> [Exercise]:
Your response should contain every record below, copied exactly.

BEGIN

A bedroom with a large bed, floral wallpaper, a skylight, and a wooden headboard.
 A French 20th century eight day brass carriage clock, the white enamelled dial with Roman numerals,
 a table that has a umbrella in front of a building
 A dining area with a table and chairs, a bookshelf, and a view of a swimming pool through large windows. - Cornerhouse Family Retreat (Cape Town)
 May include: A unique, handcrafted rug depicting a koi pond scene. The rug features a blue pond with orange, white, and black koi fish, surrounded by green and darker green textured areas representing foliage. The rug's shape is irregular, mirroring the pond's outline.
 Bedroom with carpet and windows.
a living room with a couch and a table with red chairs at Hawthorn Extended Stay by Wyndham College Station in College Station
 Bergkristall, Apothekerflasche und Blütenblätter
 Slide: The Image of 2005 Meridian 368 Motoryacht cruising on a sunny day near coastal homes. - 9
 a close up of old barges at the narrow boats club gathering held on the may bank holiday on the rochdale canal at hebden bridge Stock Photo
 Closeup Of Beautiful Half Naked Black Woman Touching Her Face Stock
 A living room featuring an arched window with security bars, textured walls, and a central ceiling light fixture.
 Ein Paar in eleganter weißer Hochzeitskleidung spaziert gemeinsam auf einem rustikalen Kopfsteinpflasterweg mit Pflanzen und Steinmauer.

END

> [Completed exercise]:
A bedroom with a large bed, floral wallpaper, a skylight, and a wooden headboard.
 A French 20th century eight day brass carriage clock, the white enamelled dial with Roman numerals,
 a table that has a umbrella in front of a building
 A dining area with a table and chairs, a bookshelf, and a view of a swimming pool through large windows. - Cornerhouse Family Retreat (Cape Town)
 May include: A unique, handcrafted rug depicting a koi pond scene. The rug features a blue pond with orange, white, and black koi fish, surrounded by green and darker green textured areas representing foliage. The rug's shape is irregular, mirroring the pond's outline.
 Bedroom with carpet and windows.
a living room with a couch and a table with red chairs at Hawthorn Extended Stay by Wyndham College Station in College Station
 Bergkristall, Apothekerflasche und Blütenblätter
 Slide: The Image of 2005 Meridian 368 Motoryacht cruising on a sunny day near coastal homes. - 9
 a close up of old barges at the narrow boats club gathering held on the may bank holiday on the rochdale canal at hebden bridge Stock Photo
 Closeup Of Beautiful Half Naked Black Woman Touching Her Face Stock
 A living room featuring an arched window with security bars, textured walls, and a central ceiling light fixture.
 Ein Paar in eleganter weißer Hochzeitskleidung spaziert gemeinsam auf einem rustikalen Kopfsteinpflasterweg mit Pflanzen und Steinmauer.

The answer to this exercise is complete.